Political leadership The summit’s first objective is political leadership, to launch new ideas and reach agreements not available at lower levels. Here the G8 summits since Birmingham have improved on the earlier record. The summits have been highly innovative, launching new initiatives, for example, in financial architecture, IT for development, infectious diseases, help for Africa, non-proliferation of weapons of mass destruction and a collective approach to the broader Middle East region. The summits have also been active in striking deals. Substantive agreements always built on the earlier preparatory work, but could only reached by the intervention of the heads themselves; for example on debt relief, Kosovo, aid resources for Africa and Middle East reform. The heads also reached some procedural agreements without advance preparation, notably on the principle of helping Africa, at Genoa, and on Russia’s hosting the summit a year later. At Kananaskis they even struck a linked cross-issue deal, when the US endorsed a $1 billion replenishment of World Bank funds for debt relief in return for agreement by the others to subscribe $10 billion over ten years to cleaning up nuclear and chemical materials in Russia — the ‘Global Partnership’.

Collective management The G8 summit has also performed well in its third objective of collective management.
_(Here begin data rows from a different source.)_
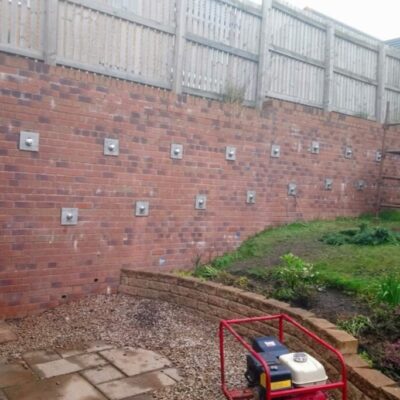 Platipus anchors garden wall stabilisation Garden wall stabilisation – hand driven anchors.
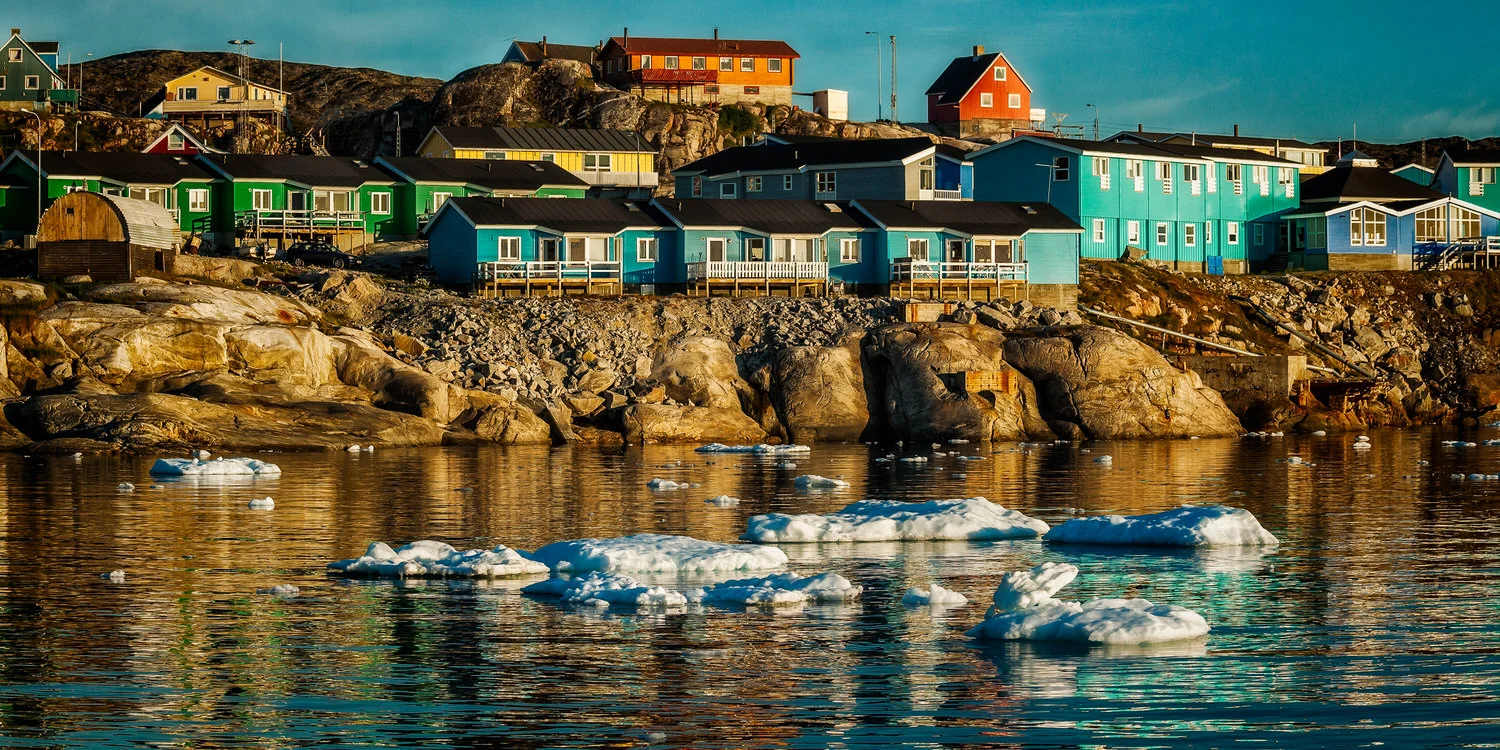 Colorful accommodation overlooking the waters of the Ilulissat Icefjord in Ilulissat, Greenland .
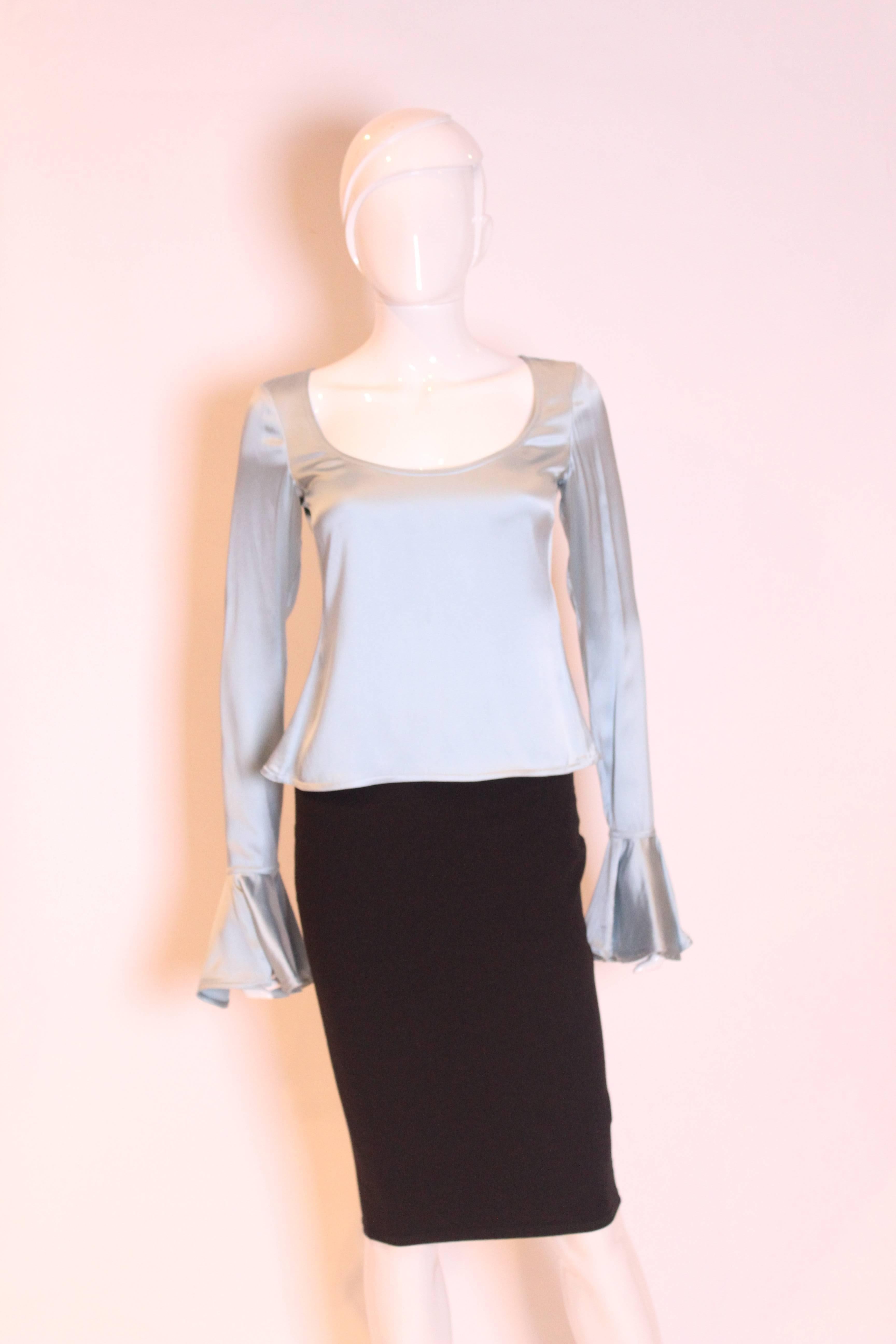 A great top for Spring by Yves Saint Laurent , Rive Gauche.
In an ice blue colour silk, the top has a scoop neckline, long sleeves with a frill cuff and back zip opening.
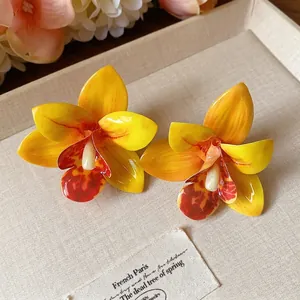 Süße handgefertigte gelbe Orchideen-Ohrstecker aus Stoff und Tropfkleber-Textur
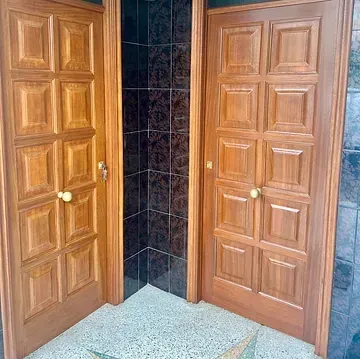 Hay dos puertas de madera una al lado de la otra en una habitación.
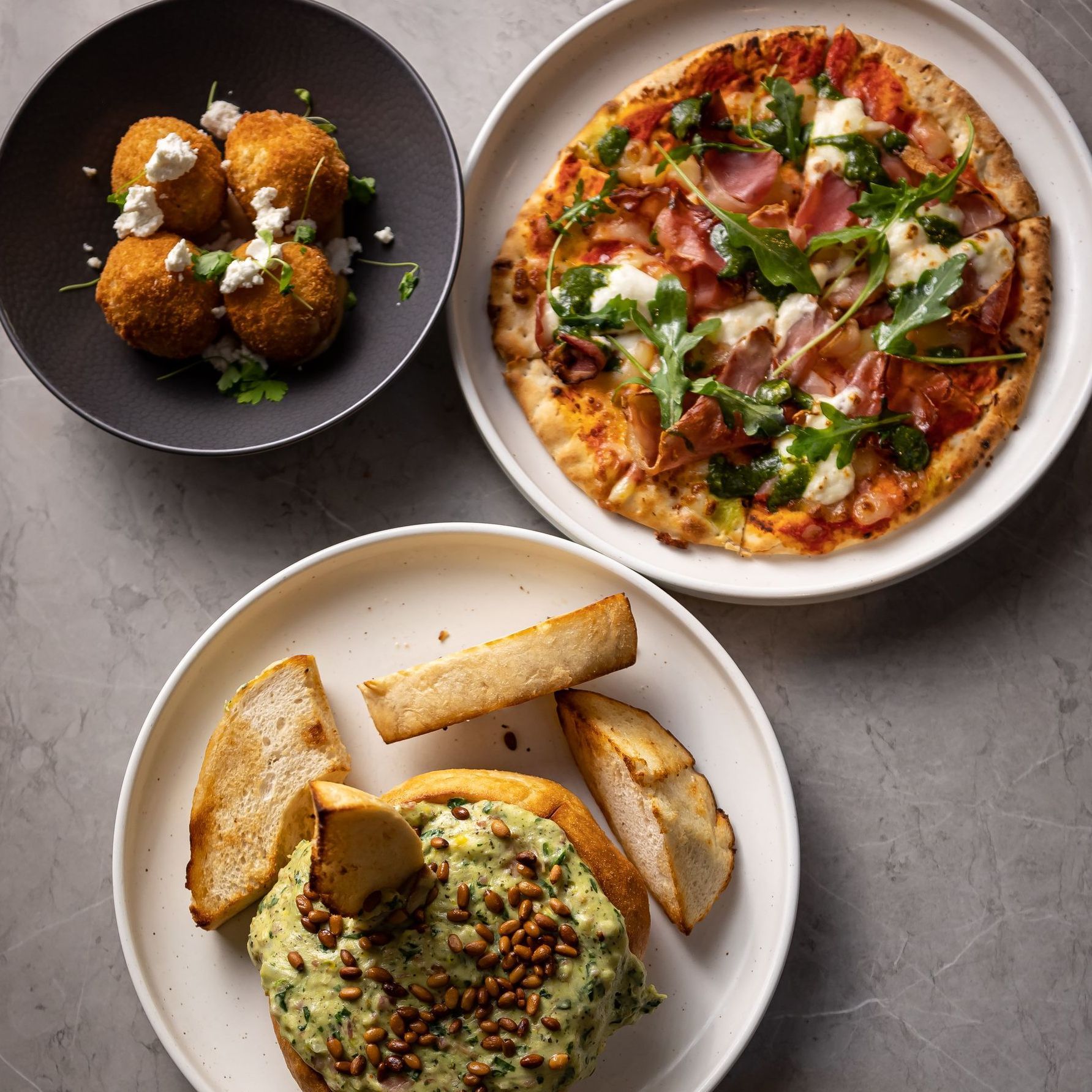 Three plates of food on a table including a pizza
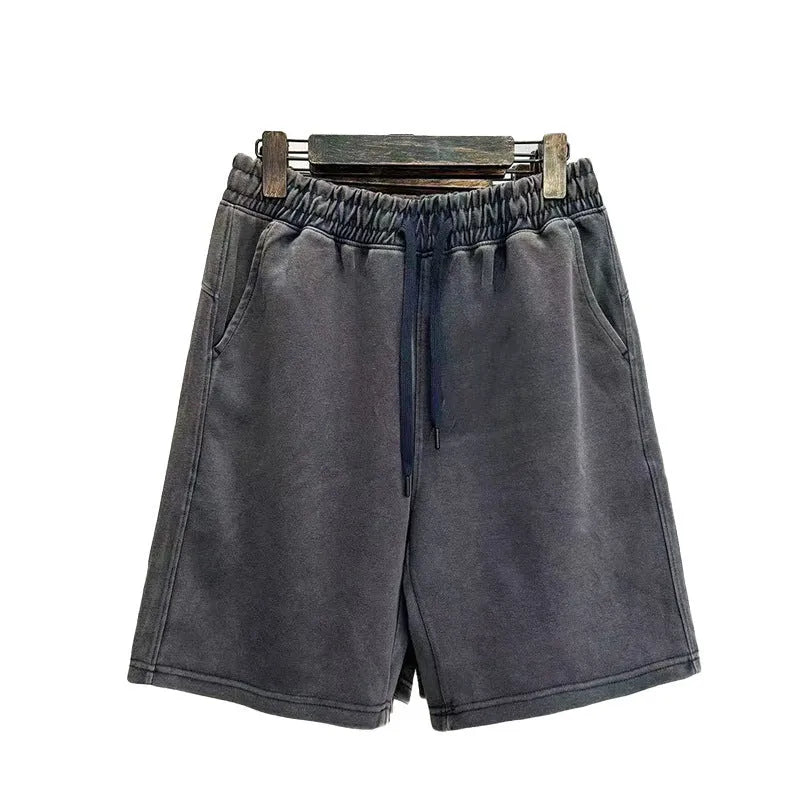 Man wearing loose-fit, straight-leg distressed cotton shorts in a solid colour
The key test here is whether summit initiative is coming from all members, rather than a single source like the United States or the European Union. The first four G8 summits showed a wide dispersion, with different countries in the lead in different subjects. The US led on financial architecture, but the UK, France and Canada were the leaders on debt relief. On Kosovo, the US led on security aspects, the Europeans on economic support. The pattern of initiative changed, however, from Kananaskis 2002 onwards, following the terrorist attacks of 11 September 2001. From now on the Americans always led on terrorism and non-proliferation issues, but they wanted to associate their G8 colleagues with the measures taken. But on other subjects, notably Africa and other development issues, the Americans were rarely in the lead, though they were active participants. The American unilateralism that proved so divisive over Iraq did not upset the practice of collective leadership at the summit. For Gleneagles, Blair has chosen two topics — Africa and climate change — where the United States is not in the lead.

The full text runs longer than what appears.